Petitioner also failed to act competently throughout his representation of Ms. C. His failure to use reasonable diligence and sound judgment, by itself, warrants discipline. (See Olguin v. State Bar, supra, 28 Cal.3d at pp. 198-199.) (12) "[W]illful failure to perform legal services for which an attorney has been retained in itself warrants disciplinary action, constituting a breach of the good faith and fiduciary duty owed by the attorney to his clients. [Citations.]" ( Lester v.
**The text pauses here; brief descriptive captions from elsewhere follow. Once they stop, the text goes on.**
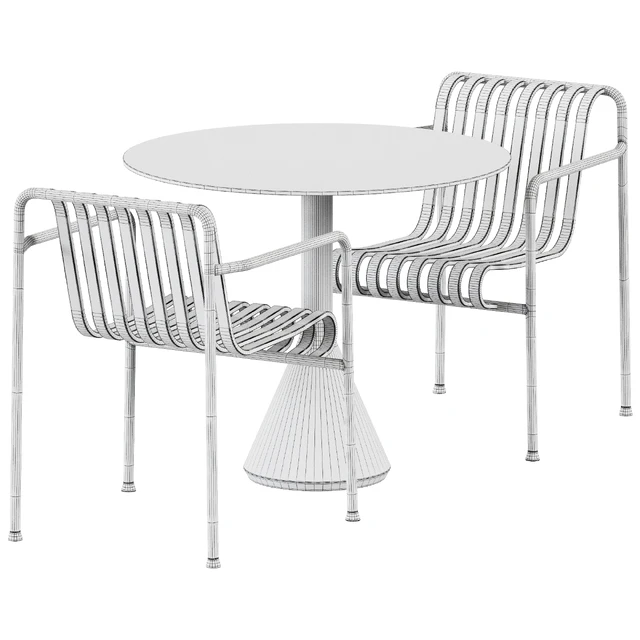 Palissade Cone Table D90 and Palissade Dining Armchair by Hay / Уличная мебель — Скачать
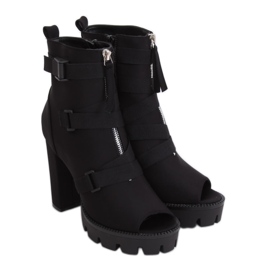 Stivali open toe su piattaforma nera NS123P Black nero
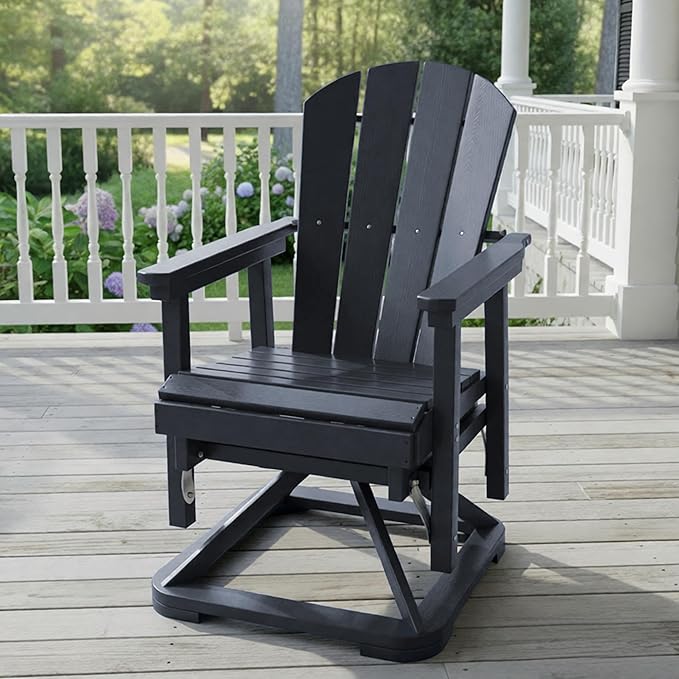 Kingdura Adirondack Swivel Glider Chair, HDPE Patio Glider Rocking Chair for Outdoor, All-Weather Glider Chair for Porch Balcony Lawn Poolside, 450LBS Capacity (Navy Blue)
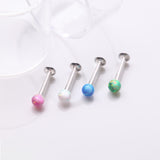 Detail View 1 of 3 Pcs of Assorted Fire Opal Ball Top Internally Threaded Labret Flat Back Stud Package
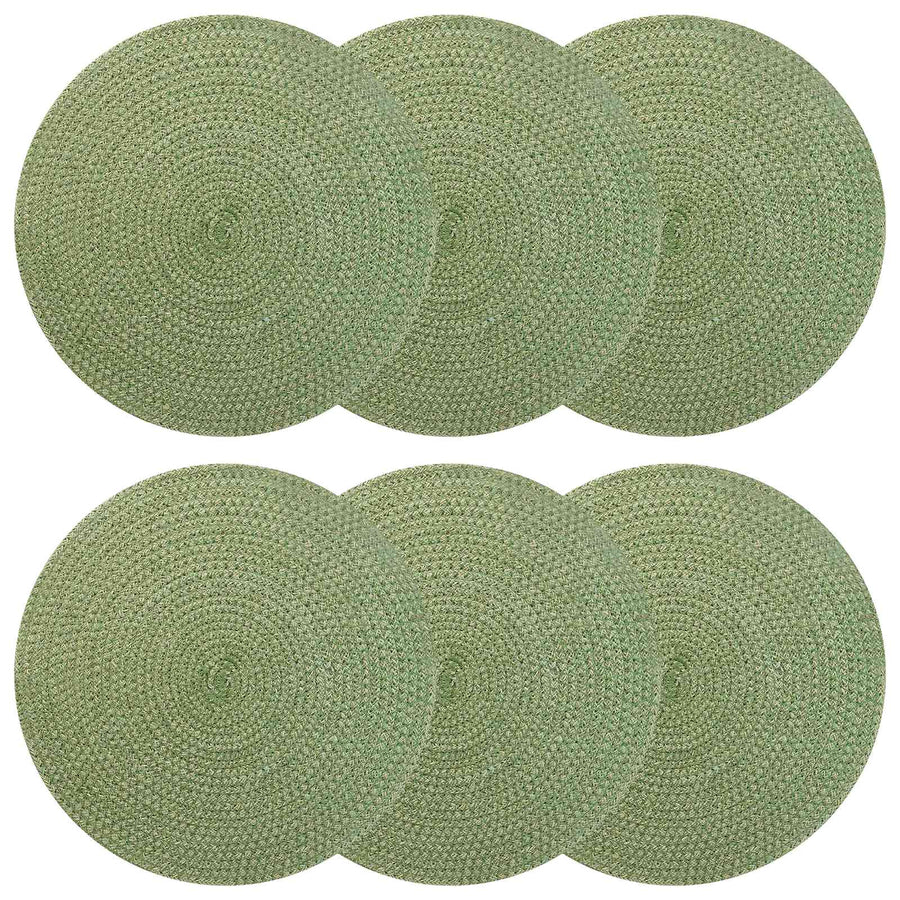 Jute placematten 6 st Olijfgroen 100% Tossa Jute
State Bar (1976) 17 Cal.3d 547, 551 [ 131 Cal.Rptr. 225, 551 P.2d 841].) (13) Even if an attorney's misconduct is not willful and dishonest, gross carelessness and negligence constitute a violation of the oath of an attorney to faithfully discharge his duties. ( Jackson v. State Bar, supra, 23 Cal.3d at p. 513; Doyle v. State Bar, supra, 15 Cal.3d at p. 978; Simmons v. State Bar (1970) 2 Cal.3d 719, 729 [ 87 Cal.Rptr. 368, 470 P.2d 352].)
(4d) Each of the violations committed by petitioner warrants a separate and independent disciplinary response. (14) Where the offenses are "committed in concert, substantial discipline is warranted." ( Davis v. State Bar (1983) 33 Cal.3d 231, 240-241 [ 188 Cal.Rptr. 441, 655 P.2d 1276].)
(4e) In addition, petitioner offered no evidence of mitigation, failed to acknowledge any wrongdoing, and did not demonstrate any remorse for his conduct. (15) An attorney's attitude toward disciplinary proceedings may properly be considered when deciding on the appropriate sanction. ( Yokozeki v. State Bar, supra, 11 Cal.3d at p. 451; see also Grove v. State Bar (1967) 66 Cal.2d 680, 684 [ 58 Cal.Rptr. 564, 427 P.2d 164].)
(16) Finally, the two private reprovals may properly be considered. ( Davis v. State Bar, supra, 33 Cal.3d at p. 241; Hamilton v. State Bar, supra, 23 Cal.3d at p. 879; Lewis v. State Bar (1973) 9 Cal.3d 704, 715 [ 108 Cal.Rptr. 821, 511 P.2d 1173].) While these reprovals resulted from conduct which occurred over 10 years ago, they involved conduct similar to that found here. (See ante, fn. 5.) This court has noted that repetitive misconduct warrants severe discipline. (See Davis v. State Bar, supra, 33 Cal.3d at p. 241.)
Petitioner now seeks to offer evidence in mitigation regarding these reprovals. However, those orders have long been final, and this court will not reconsider them now.
(4f) In view of the foregoing, there is ample evidence to support the review department's recommendation.
Accordingly, petitioner is suspended from the practice of law for five years. Execution of the order of suspension is stayed, and petitioner is placed on probation for five years with conditions of probation to include actual suspension for the first year. Petitioner is ordered to comply with the other conditions of probation set forth in the review department's order, and to take and pass the Professional Responsibility Examination within the period of his actual suspension. Petitioner is ordered to comply with rule 955 of the California Rules of Court, and to perform the acts specified in subdivisions (a) and (c) of that rule within 30 and 40 days, respectively, after the effective date of this order. This order is effective 30 days after the filing of this opinion.